Interestingly, previous studies have shown that compounds identified in AEAM caused anti-oedematogenic effect on mice ears. Topical administration of quercetin-3-glucoside (isoquercitrin) reduced ear oedema induced by croton oil (at approximately 0.14 and 0.46 mg/ear; Sosa et al. 2007) or xylene (at 0.02 mg/ear; Fu et al. 2020); as did rutin (at 0.01 and 0.03 mg/ear; Camponogara et al. 2020) or catechin (at 0.6 mg/ear; Pietrovski et al. 2008) in the ear oedema induced by croton oil. On the other hand, in the model of xylene-induced ear oedema, the anti-oedematogenic effect of chlorogenic acid and rutin was demonstrated after oral administration of doses of 10–15 mg/kg and 2.5–10 mg/kg, respectively (Torres-Rêgo et al. 2016). These findings make it reasonable to attribute the anti-inflammatory action of AEAM to the compounds present in this extract.

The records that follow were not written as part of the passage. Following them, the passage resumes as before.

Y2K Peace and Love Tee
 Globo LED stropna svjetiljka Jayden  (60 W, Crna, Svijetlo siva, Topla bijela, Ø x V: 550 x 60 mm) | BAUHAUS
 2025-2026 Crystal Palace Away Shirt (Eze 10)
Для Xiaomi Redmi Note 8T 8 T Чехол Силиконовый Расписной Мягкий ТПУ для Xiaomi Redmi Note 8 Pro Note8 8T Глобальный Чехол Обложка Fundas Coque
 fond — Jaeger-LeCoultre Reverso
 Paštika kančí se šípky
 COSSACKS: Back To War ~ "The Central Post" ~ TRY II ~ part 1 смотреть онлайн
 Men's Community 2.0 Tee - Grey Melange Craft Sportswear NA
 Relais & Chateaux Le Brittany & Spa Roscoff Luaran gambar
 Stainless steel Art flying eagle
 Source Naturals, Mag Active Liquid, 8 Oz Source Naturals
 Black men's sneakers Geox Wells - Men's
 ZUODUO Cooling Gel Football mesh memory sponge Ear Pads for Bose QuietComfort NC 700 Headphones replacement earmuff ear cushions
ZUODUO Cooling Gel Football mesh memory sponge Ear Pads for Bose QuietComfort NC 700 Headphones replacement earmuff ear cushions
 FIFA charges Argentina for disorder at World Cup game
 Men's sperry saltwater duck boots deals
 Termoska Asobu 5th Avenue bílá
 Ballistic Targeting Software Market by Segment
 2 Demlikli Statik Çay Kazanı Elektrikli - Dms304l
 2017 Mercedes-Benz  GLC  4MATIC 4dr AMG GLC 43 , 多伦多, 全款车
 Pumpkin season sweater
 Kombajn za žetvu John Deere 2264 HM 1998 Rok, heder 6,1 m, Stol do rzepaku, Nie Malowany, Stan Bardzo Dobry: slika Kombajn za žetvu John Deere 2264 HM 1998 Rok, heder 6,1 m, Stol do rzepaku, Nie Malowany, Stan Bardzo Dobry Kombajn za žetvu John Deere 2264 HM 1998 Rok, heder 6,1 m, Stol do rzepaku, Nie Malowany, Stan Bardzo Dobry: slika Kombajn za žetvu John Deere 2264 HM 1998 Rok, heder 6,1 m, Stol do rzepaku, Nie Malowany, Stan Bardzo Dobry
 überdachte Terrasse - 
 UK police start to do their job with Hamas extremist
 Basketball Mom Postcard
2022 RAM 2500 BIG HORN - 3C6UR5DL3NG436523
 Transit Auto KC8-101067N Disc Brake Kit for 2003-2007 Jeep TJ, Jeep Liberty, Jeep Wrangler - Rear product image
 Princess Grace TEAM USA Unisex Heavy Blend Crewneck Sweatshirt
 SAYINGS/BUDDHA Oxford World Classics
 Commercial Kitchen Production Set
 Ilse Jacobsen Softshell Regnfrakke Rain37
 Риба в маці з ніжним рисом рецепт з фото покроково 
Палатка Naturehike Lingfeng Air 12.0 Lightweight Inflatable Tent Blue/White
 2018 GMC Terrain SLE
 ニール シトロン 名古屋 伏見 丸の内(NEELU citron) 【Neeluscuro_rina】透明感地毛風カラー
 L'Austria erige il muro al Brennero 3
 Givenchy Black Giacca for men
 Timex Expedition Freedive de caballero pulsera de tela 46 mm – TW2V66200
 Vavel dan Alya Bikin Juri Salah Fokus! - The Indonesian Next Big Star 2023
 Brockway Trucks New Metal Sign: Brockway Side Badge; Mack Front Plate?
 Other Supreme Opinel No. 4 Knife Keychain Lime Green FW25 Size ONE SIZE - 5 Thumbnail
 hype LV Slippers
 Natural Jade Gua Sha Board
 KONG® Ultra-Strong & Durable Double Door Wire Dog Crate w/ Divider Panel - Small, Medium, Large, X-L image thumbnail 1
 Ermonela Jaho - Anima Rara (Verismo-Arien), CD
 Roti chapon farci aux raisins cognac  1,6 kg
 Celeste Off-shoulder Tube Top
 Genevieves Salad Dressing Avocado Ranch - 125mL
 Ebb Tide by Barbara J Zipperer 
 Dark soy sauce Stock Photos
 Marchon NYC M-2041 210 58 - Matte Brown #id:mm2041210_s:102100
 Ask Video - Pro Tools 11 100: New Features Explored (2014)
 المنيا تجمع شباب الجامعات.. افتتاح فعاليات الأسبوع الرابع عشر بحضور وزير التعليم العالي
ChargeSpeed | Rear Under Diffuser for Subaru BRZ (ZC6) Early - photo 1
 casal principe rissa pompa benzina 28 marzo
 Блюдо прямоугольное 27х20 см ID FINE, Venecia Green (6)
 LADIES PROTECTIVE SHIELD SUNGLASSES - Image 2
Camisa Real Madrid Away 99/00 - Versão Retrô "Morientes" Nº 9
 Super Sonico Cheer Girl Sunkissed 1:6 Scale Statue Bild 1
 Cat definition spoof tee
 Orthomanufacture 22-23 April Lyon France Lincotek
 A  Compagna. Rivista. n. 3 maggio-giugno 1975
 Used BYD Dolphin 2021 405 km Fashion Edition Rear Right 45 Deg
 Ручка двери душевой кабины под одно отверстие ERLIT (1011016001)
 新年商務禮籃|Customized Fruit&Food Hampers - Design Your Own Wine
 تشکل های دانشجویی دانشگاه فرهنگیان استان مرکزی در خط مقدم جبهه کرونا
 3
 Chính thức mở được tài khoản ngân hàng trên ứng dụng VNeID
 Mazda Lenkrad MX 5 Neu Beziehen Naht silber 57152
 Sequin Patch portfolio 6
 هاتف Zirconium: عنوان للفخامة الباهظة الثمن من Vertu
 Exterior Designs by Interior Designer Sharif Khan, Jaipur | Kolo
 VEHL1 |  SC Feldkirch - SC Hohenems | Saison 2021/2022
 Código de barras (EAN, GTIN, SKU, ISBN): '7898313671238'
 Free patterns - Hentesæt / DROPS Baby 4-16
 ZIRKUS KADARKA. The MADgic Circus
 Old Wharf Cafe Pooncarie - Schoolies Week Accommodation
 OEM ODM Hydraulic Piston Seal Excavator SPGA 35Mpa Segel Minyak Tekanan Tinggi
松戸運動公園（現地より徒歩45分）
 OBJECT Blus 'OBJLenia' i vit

The reduction of MPO activity by the treatment with AEAM in the present study suggests there was reduction of neutrophils at inflamed ear sites. It is widely known that neutrophils participate in the first defence line against pathological agents and release granules containing peroxidases, such as MPO. These enzymes can produce ROS using H2O2 produced by NADPH oxidase, which leads to lipid peroxidation (Osawa 2017). Thus, the MPO activity reduction by AEAM may be directly linked to oxidative stress inhibition and it might be that AEAM compounds directly reduce ROS/RNS formation. Treatment with AEAM decreased total hydroperoxide content in inflamed ears, which can be considered a marker of oxidative alteration in membranes (Osawa 2017). Interestingly, we observed that treatment with AEAM also modulated CAT, but not SOD, activity, which might have contributed to the reduction of oxidative stress, since CAT catalyses the conversion of hydrogen peroxide into water and O2 (Bresciani et al. 2015). Thus, the increase of CAT activity may be other protection mechanism against oxidative damage. Our findings partially agree with those of Moghadamtousi (2015), who reported the wound healing activity of an A. muricata preparation due to the modulation of CAT, SOD and glutathione peroxidase activity enzymes.

Conclusions

The AEAM prepared led to radical scavenging, reduced lipoperoxidation and protected fibroblasts from oxidant alterations and also had an anti-inflammatory effect after topical application on inflamed ears, associated with the inhibition of oxidative stress and augmentation of CAT activity. Thus, we suggest AEAM is a potential preparation for treating cutaneous inflammatory diseases, by maintaining redox homeostasis.